Good thing I called the previous update “preliminary results!” I discovered later that many subjects had “clicked through” the descriptions, merely reading the titles and spending only a second or so on the descriptions. In my preregistration I had said that I would exclude the data from subjects if their viewing times were < 30 sec for two or more abstracts.
Well, it turned out I would have had to throw away data from more than half the subjects! Therefore I decided to rerun the study but now with a stern warning in the instruction that viewing times would be measured and that data from subjects with impossibly short viewing times would be unusable and that the subjects would not get paid.
This seemed to help. In the second run, far fewer subjects had impossibly short viewing times, although there were still quite a few delinquents (they did not get paid).
The lesson here: first run a sizeable pilot study before you pre-register, dummy!
I overshot a little, but at least I have 206 usable subjects now. These subjects took about 47 seconds on average to read the abstracts, which seems reasonable.

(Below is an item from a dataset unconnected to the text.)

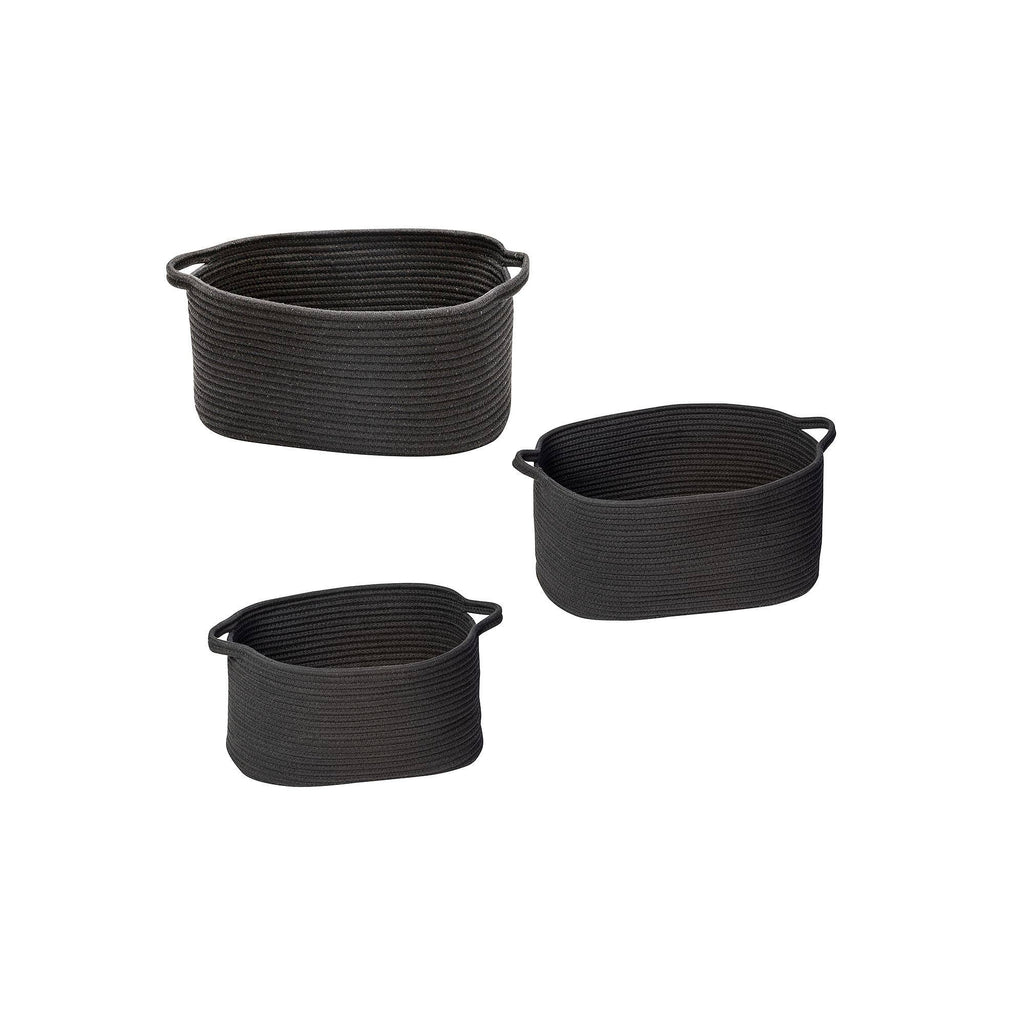 Black Cotton Coil Baskets Set of 3 E460230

There was no difference in viewing times between the amusing and nonamusing conditions.
As a good boy, I’m separating the discussion into a confirmatory part and an exploratory part.
The confirmatory part
The pattern for interestingness was basically a wash. Numerically, people found the studies with the nonamusing titles more interesting than those with amusing titles (opposite to my prediction, but this difference was not significant (p=.13).

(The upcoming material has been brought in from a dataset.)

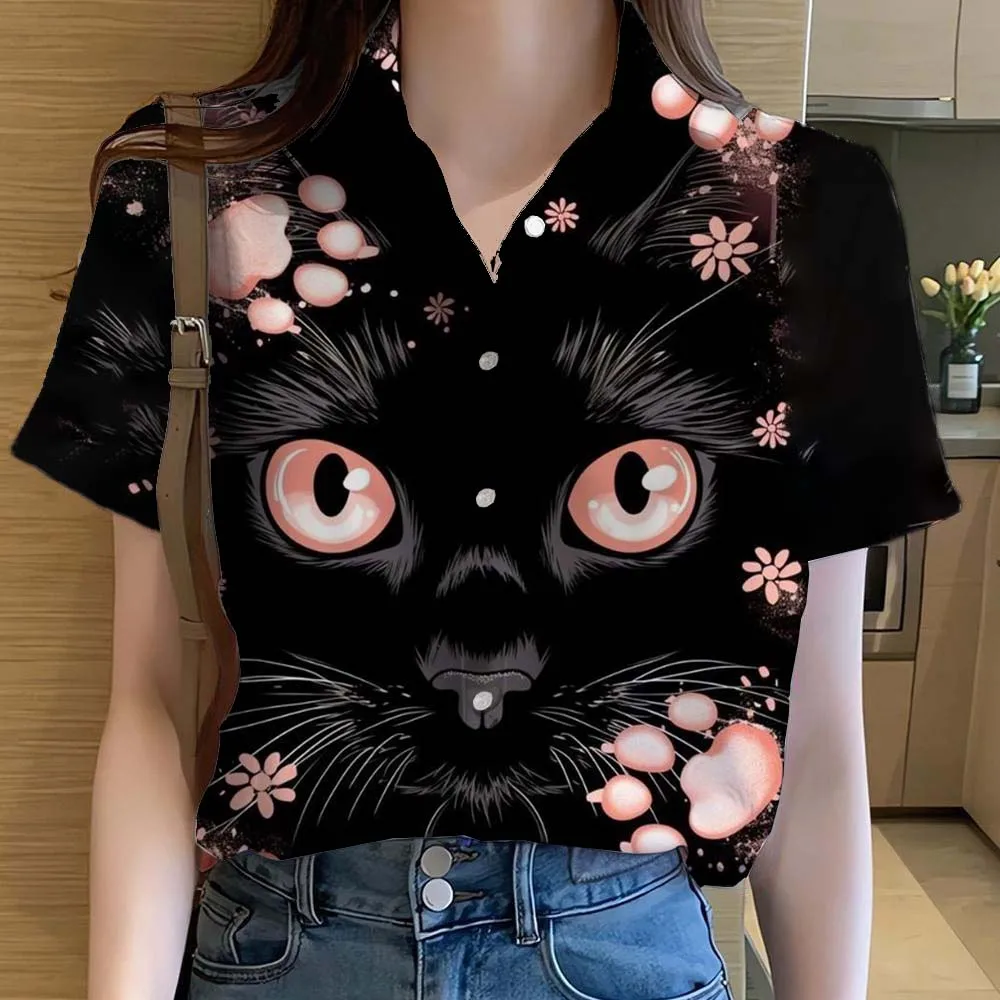 Womens Shirts Short Sleeve Button Artistic Cute Cat Printed Casual Hawaiian Beach Shirt Summer New  Blouse Women's Clothes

So far for the confirmatory part—on to the exploratory part.
The exploratory part
At the end of the experiment, I asked one true/false question about each study. The question always pertained to the main finding of the study. I had merely included these questions to get a sense of the subjects’ understanding of the abstracts without expecting there to be differences between the conditions. However, the amusing condition yielded a lower proportion of correct answers than the nonamusing condition (.66 vs. .69, p=.013). Although this evidence is at best ambiguous in the land of Bayes, it might not be a bad idea to include a more extensive test of comprehension in future studies.
Limitations: Part I
The effects of amusing titles will likely be more pronounced with researchers in psychology, or with scientists in general. One reason for this is that the experts will be more intrinsically motivated to read the abstracts.
It is also important to note that laypeople may not know some of the technical terms in the nonamusing titles and descriptions, so the amusing title might provide scaffolding (to use a term from educational psychology) for their understanding of the description, whereas it will be ornamental to the experts.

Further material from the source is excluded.